Document Type

Article

Publication Date

2005

Abstract

There is a growing trend in federal agencies towards explicit consideration of the Constitution, and the principles of justice that it suggests. In controversies ranging from the Justice Department's challenge to the Oregon Death With Dignity Act to IRS regulation of the political activities of non-profits, agencies have come more and more to rely on their own view of what the Constitution requires or implies.

Academic commentary almost universally lauds this move toward interpretive autonomy, if not the specific interpretations that the current administration has offered. Advocates of republicanism and cooperative regulation welcome the opportunities for wider public deliberation on constitutional issues that agency interpretation offers. And critics of this Supreme Court on both left and right are eager to find any other authority willing to countenance a different substantive view of rights, whether that be a right to be free of discrimination or a right to life.

At the same time, the Court increasingly has suggested that the legitimacy of such interpretations may be in doubt. In City of Boerne v. Flores and similar cases, it rejects, almost disdainfully, the notion that Congress might be a worthy interpretive partner in elaborating constitutional norms. And its opinion in a case holding that agency regulations prohibiting disparate impact discrimination are not privately enforceable might be read to imply that there is a serious constitutional doubt whether an agency can exercise the sort of independent constitutional interpretive authority Boerne seems to condemn. Tax practitioners may recall similar doubts about the Service's authority dating back to the controversy over Bob Jones University.
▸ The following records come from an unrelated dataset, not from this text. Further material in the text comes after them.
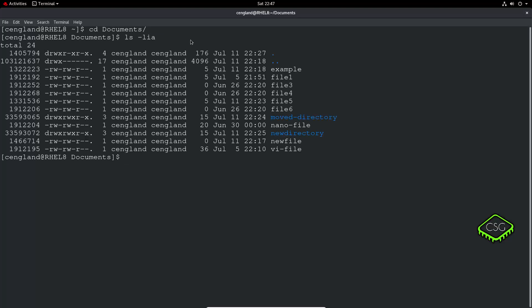So this is ls -lia will give you all files. i means the inode number and l means the long listing. So includes the read, write, and execute permissions on the left-hand side there. So what we've got additional is on the left-hand side, these numbers are an inode number. So it's like an individual number for each file on the system. And so it's like a unique number for that particular file or directory on the filesystem.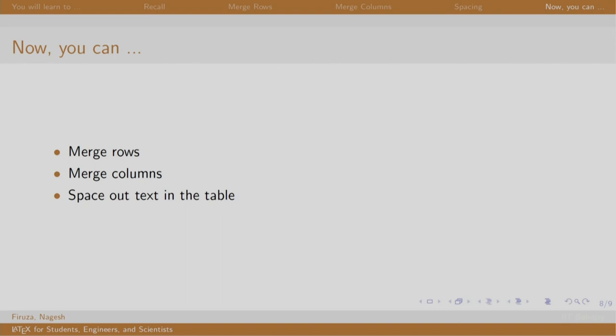As an exercise, please try and create a table having many rows such that it spans across multiple pages. If you like, you may do this by copy pasting the rows as well. Please note what happens when you do this. Thank you. Have a nice day.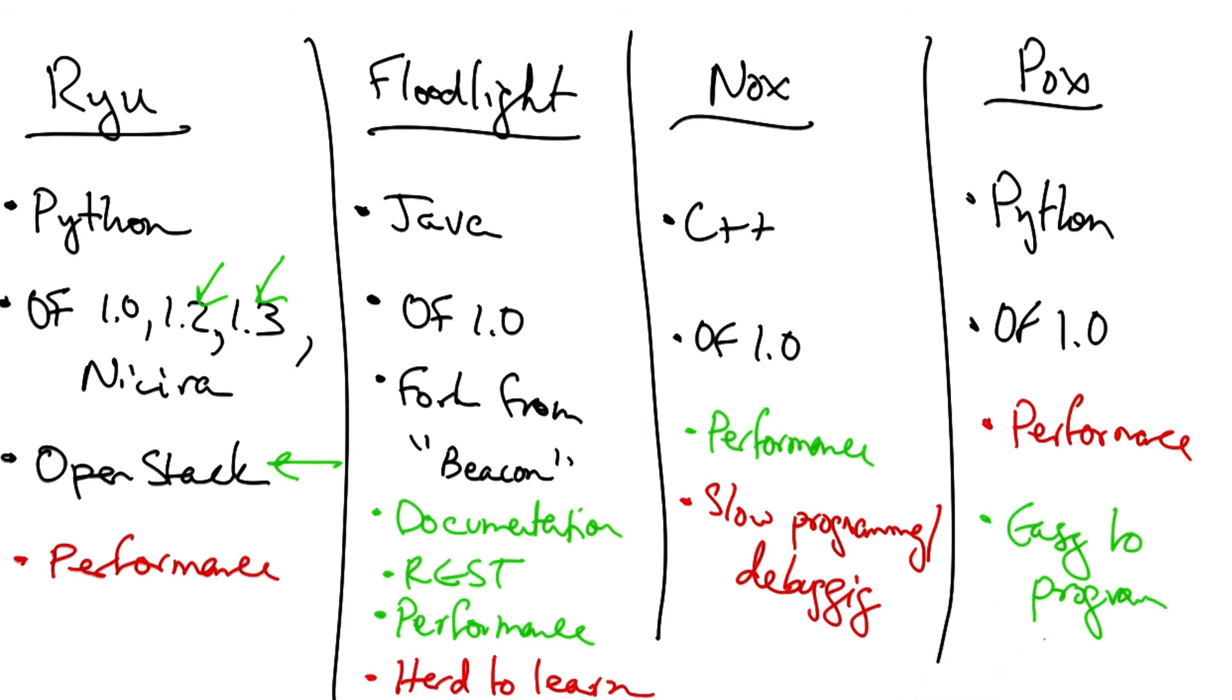All of these controllers are still relatively hard to use because they entail interacting directly with OpenFlow flow table modifications, which operate at a very low level of matching on flows and performing specific actions.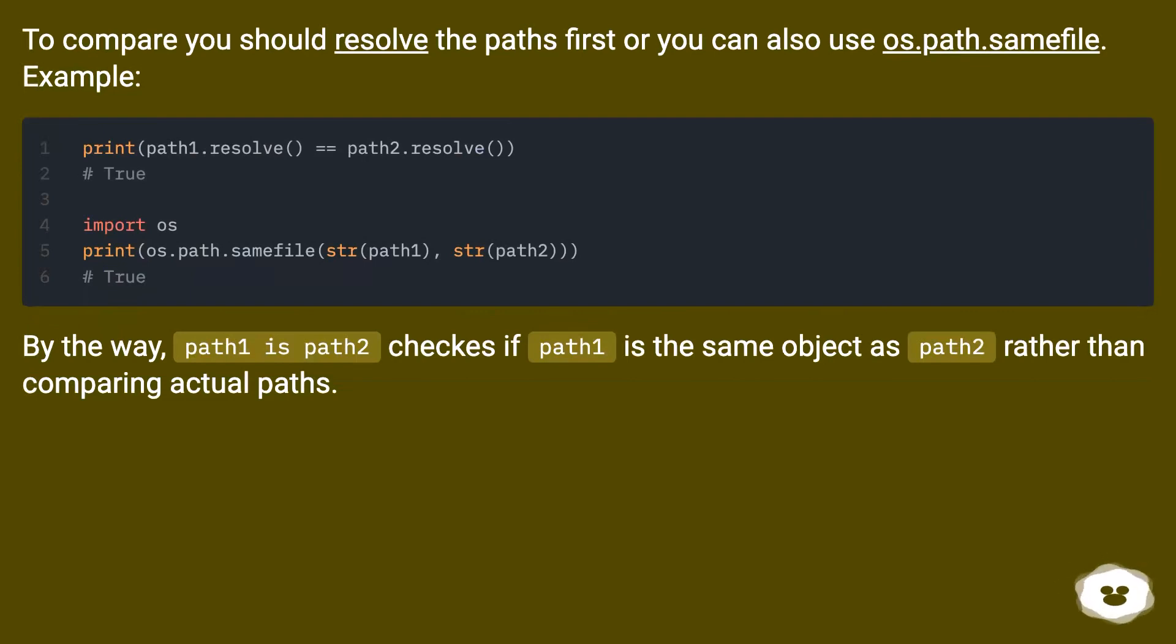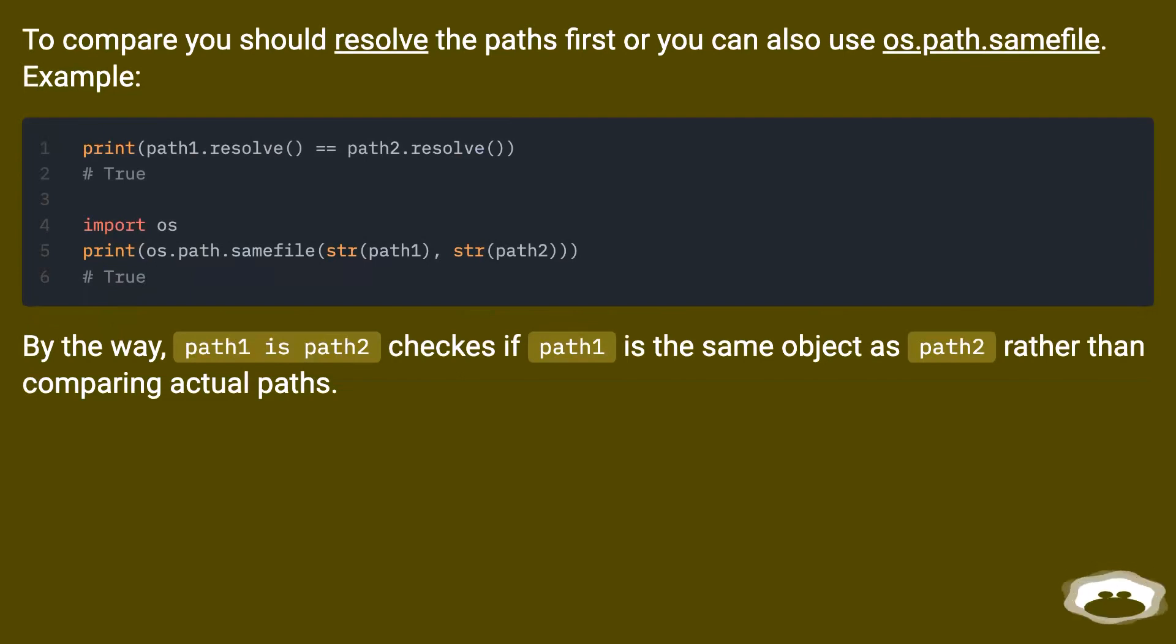To compare, you should resolve the paths first, or you can also use os.path.samefile. Example: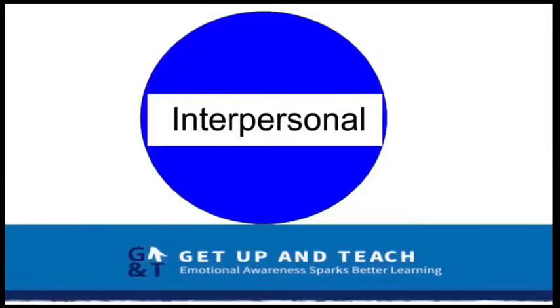Do you have students who perhaps go from zero to ten without being able to monitor those emotions before they get out of hand? Then intrapersonal is the place for you to start. Intrapersonal is all about management, focus, self-regulation, and being able to figure out how you're feeling, why you're feeling that way, and what to do about it. It's all about the knowledge of self, which a lot of our students really lack.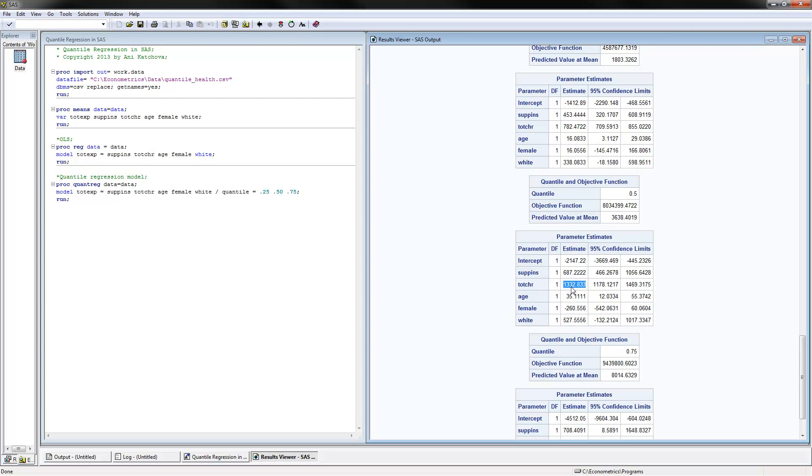Notice that it's increasing—it doesn't have to be, but in this case it's increasing. This confidence interval also does not include the OLS regression, so it's significantly different.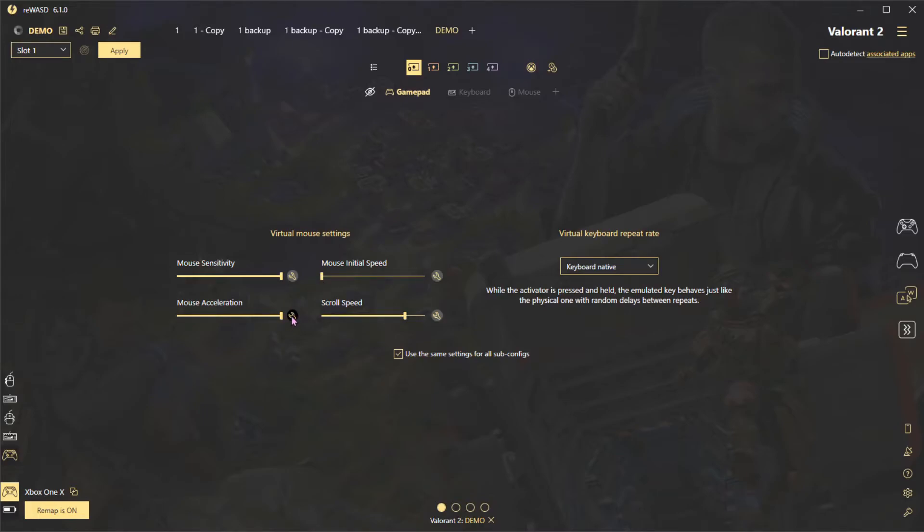Mouse Acceleration determines how quickly the initial speed changes to the max speed determined by mouse sensitivity. Currently it's very slow even when maxed out, but that's supposed to be improved in the future.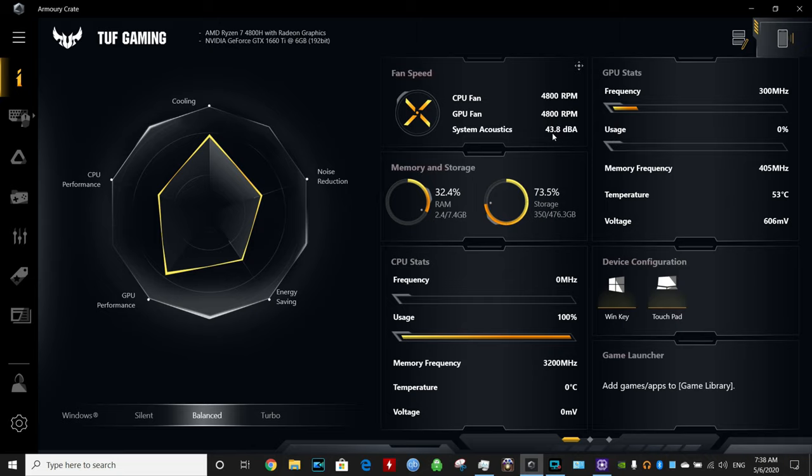As you can see it topped out to 4800 RPM with 43 decibels. Trust me, this is loud and in turbo it's even worse.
This Article strives to explain the sharp divergence between critical consensus and judicial reality, with the aim of finding a way to justify cooperation and republican deliberation to a doubting Court. I argue that existing accounts fail to explain judicial attitudes because they do not consider the unique institutional needs of federal judges. Most significantly, judicial claims to sole authority to interpret the Constitution may be part of the constitutive rhetoric of judging, through which the judiciary builds and entrenches a set of norms for its own behavior. These norms, when internalized by judges, help to distinguish judicial behavior from the ordinary politics that judicial review aspires to limit.

I conclude, however, that judicial rhetoric, even in combination with other plausible arguments in favor of exclusivity, is persuasive in at most a small fraction of the constitutional cases that come before courts. I therefore propose a method, based on a survey and synthesis of those arguments, that a court can use in deciding for any given agency interpretation whether the agency's decision is a permissible, complementary elaboration or an impermissible intrusion. I then show how the method offers important insights into, for example, the disputes over disparate impact regulations and the IRS's oversight of non-profit entities.